Recall & Search
Recall is the core operation — everything else (storing, connecting, consolidating) exists to make recall better. Engram uses a hybrid retrieval pipeline that combines semantic understanding with keyword matching, then ranks results using multiple signals.
The Recall Pipeline
Section titled “The Recall Pipeline”flowchart TD
Q[Query text] --> E[Embed query]
Q --> F[Extract content words]
E --> V[Vector search\nsqlite-vec]
F --> T[FTS5 keyword\nsearch]
V --> M[Merge & deduplicate]
T --> M
M --> R[Rank by combined score]
R --> C{Distance\ncutoff}
C -- Pass --> D[Graph traversal\ndepth 1-3]
C -- Fail --> X[Filtered out]
D --> O[Return results]
1. Vector Search
Section titled “1. Vector Search”The query text is embedded using the same sentence transformer model used at storage time, then compared against all stored memory vectors using cosine distance via sqlite-vec.

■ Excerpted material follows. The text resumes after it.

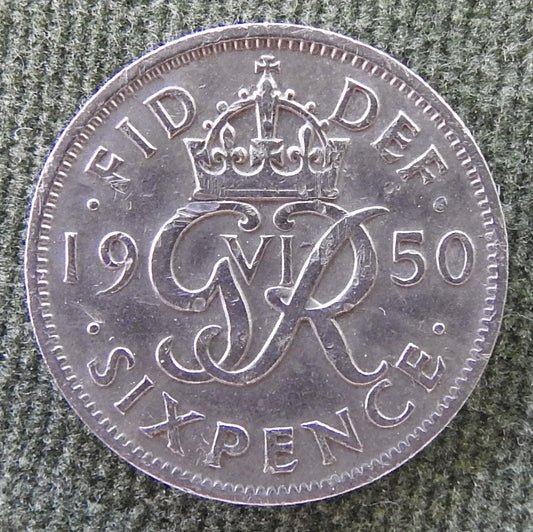 GB British UK English 1950 Sixpence King George VI Coin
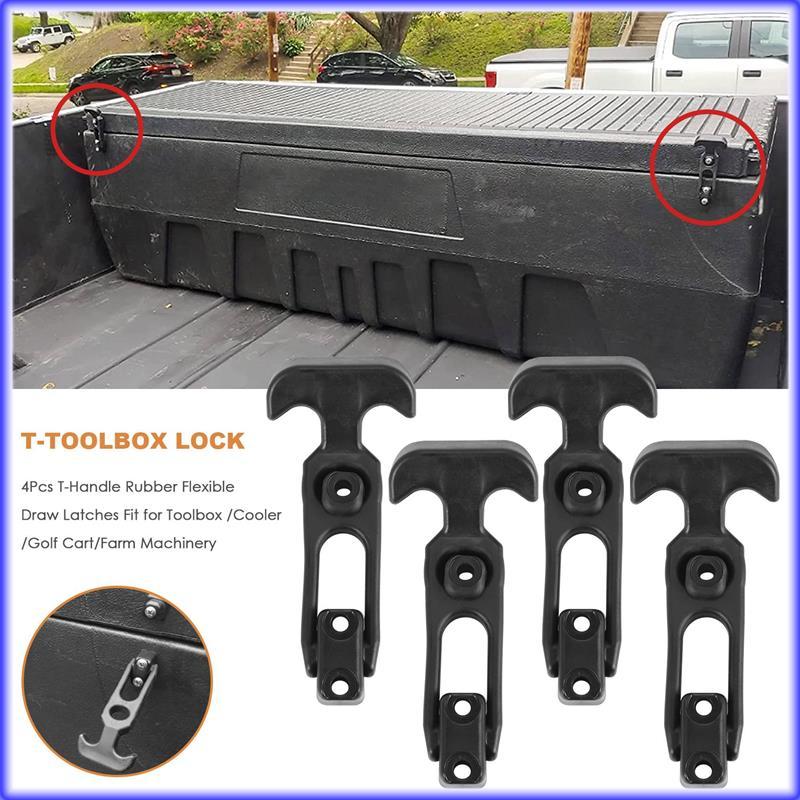 A82E4Pcs THandle Rubber Flexible Draw Latches Fit For Toolbox CoolerGolf CartFarm Machinery TToolbox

A critical design detail: the raw natural-language query is embedded, not a stripped keyword version. Embedding models are trained on natural language — function words like “on top of” and “we will want to” provide structural context that improves match quality. Empirical testing confirmed that stripping function words before embedding degraded recall precision.
2. Full-Text Search
Section titled “2. Full-Text Search”In parallel, content words are extracted from the query (stripping stop words using NLTagger part-of-speech analysis) and run through SQLite FTS5. This catches memories that share exact terminology but might rank lower in vector space.

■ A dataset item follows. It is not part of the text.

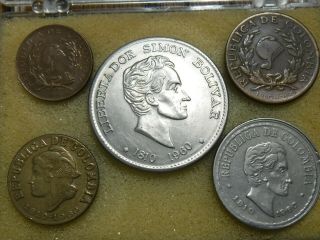 5 Coin Set - 1810 - 1960 Columbia (includes 1,  2,  5,  20 & 50 Centavos)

The two search paths intentionally use different inputs from the same query:
- Vector search — raw full query (preserves structural meaning)

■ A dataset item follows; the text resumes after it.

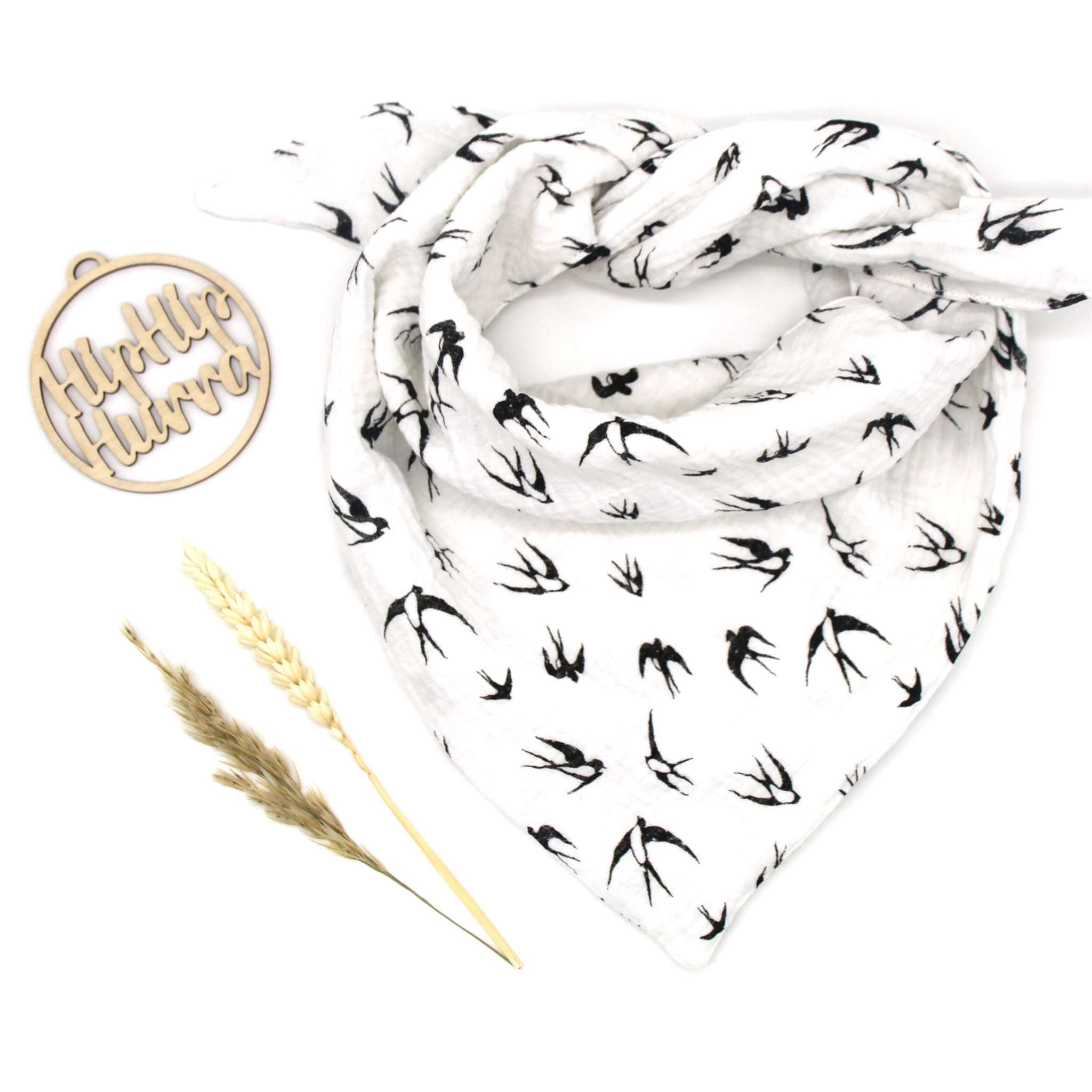 Musselintuch für Kinder "Schwalben, weiß"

- FTS5 — extracted content words only (pure keyword matching)
3. Scoring and Ranking
Section titled “3. Scoring and Ranking”Results from both searches are merged and ranked by a weighted combination of signals:
| Signal | Weight | Description |
|---|---|---|
| Semantic similarity | Primary | Cosine distance between query and memory embeddings |
| Full-text relevance | Secondary | FTS5 keyword match quality |
| Project boost | Contextual | Same-project and global memories rank higher |
| Importance | Up to +20% | Memories rated 4-5 get a ranking boost |
| Recency | Tiebreaker | Recently accessed memories edge out older ones |
A dynamic distance cutoff filters results that are too dissimilar. This prevents noise — when nothing relevant exists, you get fewer results rather than irrelevant ones.
4. Graph Traversal
Section titled “4. Graph Traversal”When depth is set (1-3), the pipeline follows edges from the initial results to surface connected memories. This is where the knowledge graph pays off:
- A hub memory about “sync architecture” pulls in its
part_ofchildren — specific design decisions and implementation details - A
supersedeschain surfaces the latest version of an evolving decision - A
contradictsedge surfaces the opposing viewpoint alongside the matching one
Traversal adds context that keyword or vector search alone would miss.
Context Injection
Section titled “Context Injection”In practice, most recalls happen automatically through the advise hook — a pre-prompt integration that fires before each user message in Claude Code. The hook:
- Takes the user’s message as a recall query
- Runs the full hybrid pipeline
- Injects the most relevant memories into the model’s context window
This means the AI agent starts every response with relevant knowledge from past sessions — preferences, patterns, architecture decisions, debugging insights — without anyone explicitly asking for it.
Project Scoping
Section titled “Project Scoping”The project parameter on recall is a soft ranking signal, not a hard filter. When you recall with project: "MyApp":
- Memories scoped to
MyAppget a ranking boost - Global memories (project:
"global") also get a boost — cross-project preferences should always surface - Memories from other projects can still appear if they’re semantically relevant
This means a memory about a Swift concurrency pattern stored under project “Lattice” will still surface when working in “Engram” if the query is relevant — it just ranks slightly lower than an Engram-specific memory about the same topic.
Scaling Characteristics
Section titled “Scaling Characteristics”The hybrid pipeline is designed to stay fast as knowledge bases grow:
- Vector search uses sqlite-vec’s approximate nearest neighbor index — sub-millisecond even with thousands of memories
- FTS5 is SQLite’s built-in full-text engine, highly optimized for text search
- Graph traversal follows edges in the database, not in-memory — memory footprint stays constant
- All queries run against a local SQLite file — no network round-trips
The practical bottleneck is context window size, not search speed. With thousands of memories, the challenge shifts from “finding relevant ones” to “fitting the best ones into the model’s context.”